1

I want to replace the brackets in a string whilst tabbing and adding newlines, like a pretty print.

 (foo) AND ((bar) OR (baz))

becomes

     (
          foo
     )
AND
     (
          (
               bar
          )
     OR
          (
          baz
          )
     )

I have tried:

   "((foo) OR ((bar)(baz)))".replaceAll("\\((.*?)\\)", "\\(\n\t$1\n\\)")

but it doesn't quite work.

JaceyB
  • 11
  • 1
  • 5
    The grammar of your parenthesized expression isn't regular and so you can't use a regular expression to parse and modify it *according to its syntax*. You may have to write a parser, e.g. one using recursive descent or similar. – laune Mar 25 '15 at 18:55
  • Don't try to parse non-regular things with regular expressions, or [this](http://stackoverflow.com/a/1732454/1361506) will happen to you. – azurefrog Mar 25 '15 at 19:28

1 Answers1

1

laune azurefrog have right. Expression provided by You is not regular so You can't use regular expresion engine to prettify the expression. In my opinion the best You can do is to write a parser which can handle this task. I am always trying to separate parser logic from code dealing with the business. You can notice that the logic which deals with formatting seats in a implementation of ExpressionListener. Below You can find the code.

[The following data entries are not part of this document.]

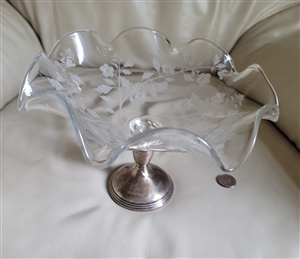 Empire Glass top sterling pedestal bowl decor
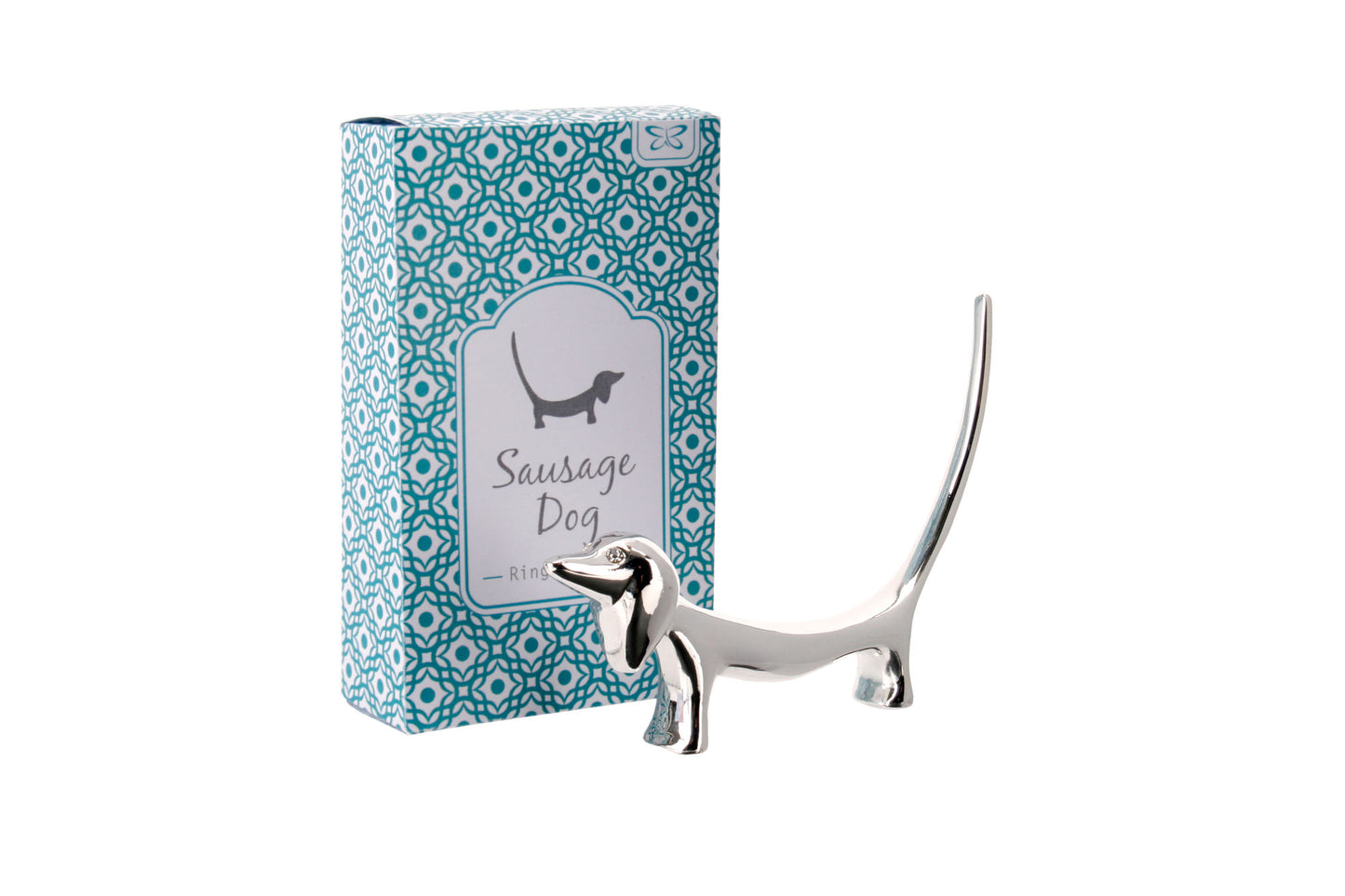 Sausage Dog Metal Silver Finish Ring and Jewellery Holder and Organiser Stand in Gift Box | Bedside and Bathroom or Kitchen Sink Storage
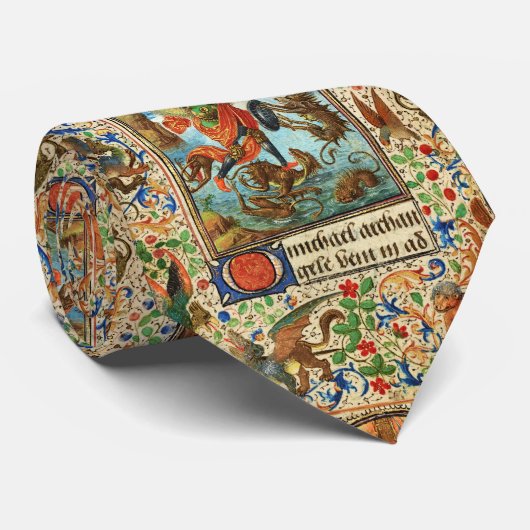 ST. MICHAEL ARCHANGEL EN DRAGON Vlaams Miniatuur Stropdas (Opgerold)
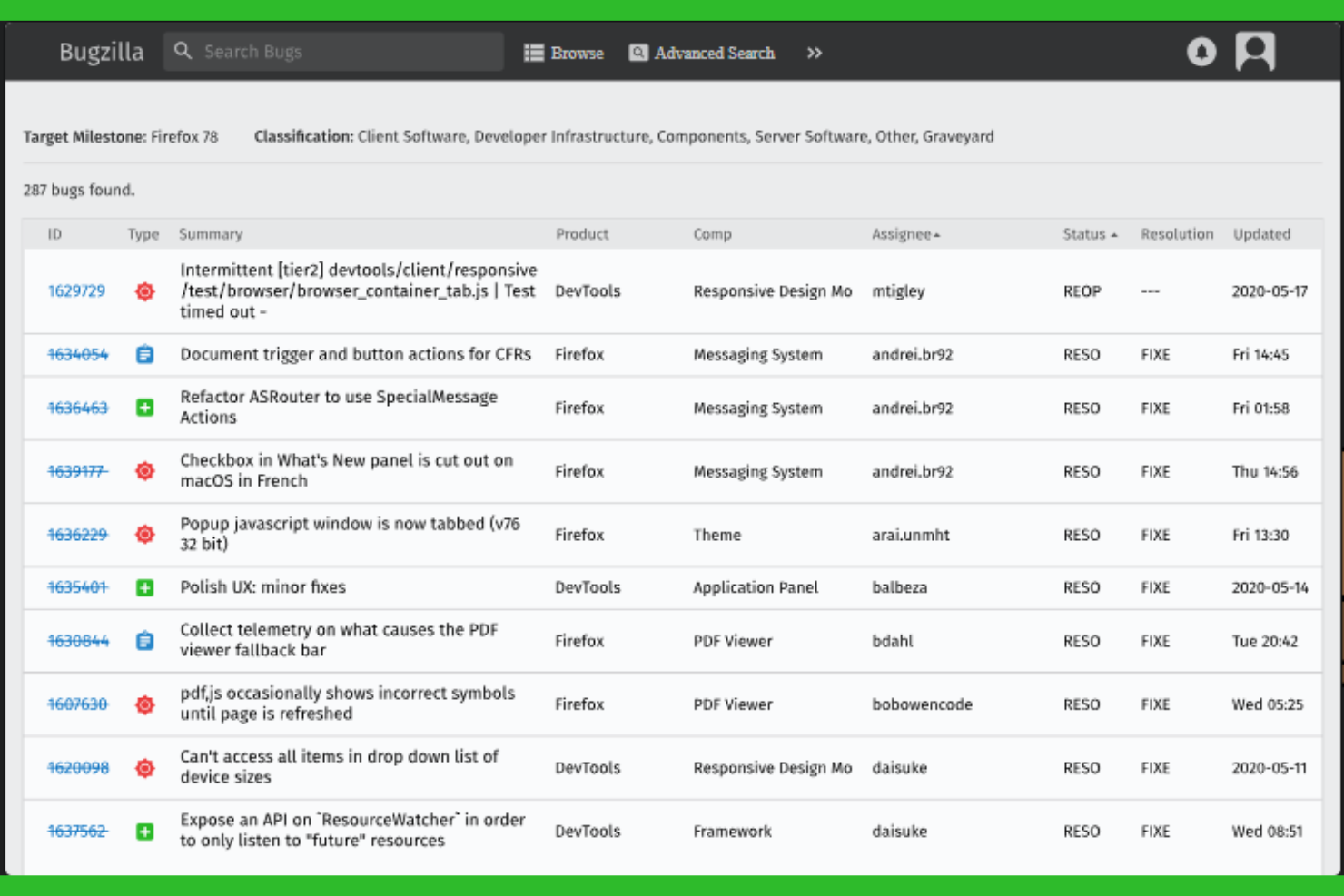 Bugzilla screenshot - 10 programów do śledzenia zgłoszeń i projektów na 2026 rok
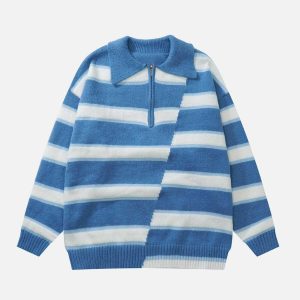 youthful irregular stripes polo sweater dynamic design 7028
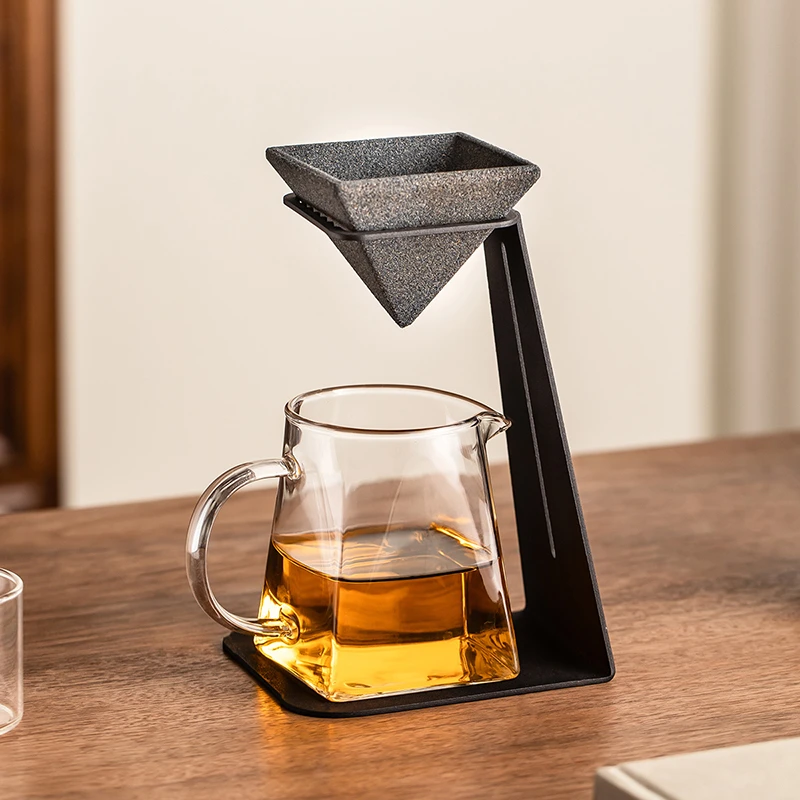 陶瓷无孔矿石茶滤网过滤器家用茶具配件茶漏一体公道杯泡茶神器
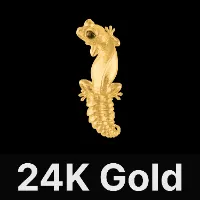Knob Tail Gecko Fridge Magnets 24K Gold & Black Agate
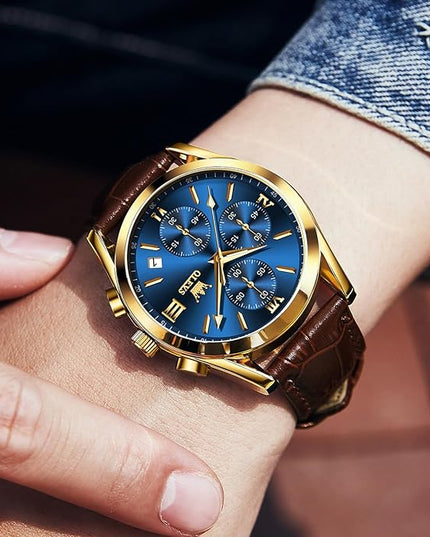 OLEVS Men's Chronograph Leather Watch, Big Face Easy to Read Analog Quartz Dress Watch, Casual Waterproof Luminous Hands Date Watches for Men, White/Blue/Black/Gold Dial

public class PrettyPrintExample {

    private interface ExpressionListener {

        void lb();

        void rb();

        void content(String content);

    }

    private enum Type {
        LB, RB, STRING, END
    }

    private static class Token {
        Type type;
        String value;

        public Token(Type type, String value) {
            super();
            this.type = type;
            this.value = value;
        }

        @Override
        public String toString() {
            return "Token [type=" + type + ", value=" + value + "]";
        }
    }

    private static class Lexer {

        private int current;
        private String input;

        public Lexer(String input) {
            this.input = input;
        }

        private char getChar() {
            return input.charAt(current++);
        }

        private void unputChar() {
            current--;
        }

        private boolean hasNextChar() {
            return current < input.length();
        }

        Token next() {

            if (!hasNextChar()) {
                return new Token(Type.END, "");
            }

            char c = getChar();

            while (Character.isWhitespace(c)) {
                c = getChar();
            }

            if (c == '(') {
                return new Token(Type.LB, "(");
            }

            if (c == ')') {
                return new Token(Type.RB, ")");
            }

            unputChar();

            StringBuilder buffer = new StringBuilder();
            while (hasNextChar()) {

                c = getChar();

                if (c != '(' && c != ')' && !Character.isWhitespace(c)) {
                    buffer.append(c);
                } else {
                    unputChar();
                    break;
                }

            }

            return new Token(Type.STRING, buffer.toString());

        }
    }

    private static Lexer lexer;
    private static Token currentToken;

    public static void parse(String line, ExpressionListener listener) {
        lexer = new Lexer(line);
        currentToken = lexer.next();
        expression(listener);
        consume(Type.END);
    }

    private static void expression(ExpressionListener listener) {

        while (true) {

            if (match(Type.STRING)) {
                listener.content(currentToken.value);
                consume(Type.STRING);
            } else if (match(Type.LB)) {
                consume(Type.LB);
                listener.lb();
                expression(listener);
                consume(Type.RB);
                listener.rb();
            } else {
                break;
            }

        }

    }

    private static boolean match(Type type) {
        return type == currentToken.type;
    }

    private static void consume(Type type) {
        if (!match(type)) {
            throw new RuntimeException(String.format("Should be %s is %s", type.name(), currentToken.type.name()));
        }
        currentToken = lexer.next();
    }

    public static void main(String[] args) {
        String line = "(foo) AND ((bar) OR (baz))";
        parse(line, new ExpressionListener() {

            private int indent = 0;

            private void indent(int indent) {
                StringBuilder builder = new StringBuilder();
                for (int i = 0; i < indent; i++) {
                    builder.append("\t");
                }
                System.out.print(builder.toString());
            }

            private void nl() {
                System.out.println();
            }

            @Override
            public void lb() {
                indent(++indent);
                System.out.print("(");
                nl();
            }

            @Override
            public void rb() {
                indent(indent);
                System.out.print(")");
                indent--;
                nl();
            }

            @Override
            public void content(String content) {
                indent(indent);
                System.out.print(content);
                nl();
            }
        });

    }

}

output

    (
    foo
    )
AND
    (
        (
        bar
        )
    OR
        (
        baz
        )
    )

I know that using CFL parser for Your case is not a simplest possible solution, but be aware that if Your expression will become much complex it would be really easy to extend the parser.

slavik
  • 1,223
  • 15
  • 17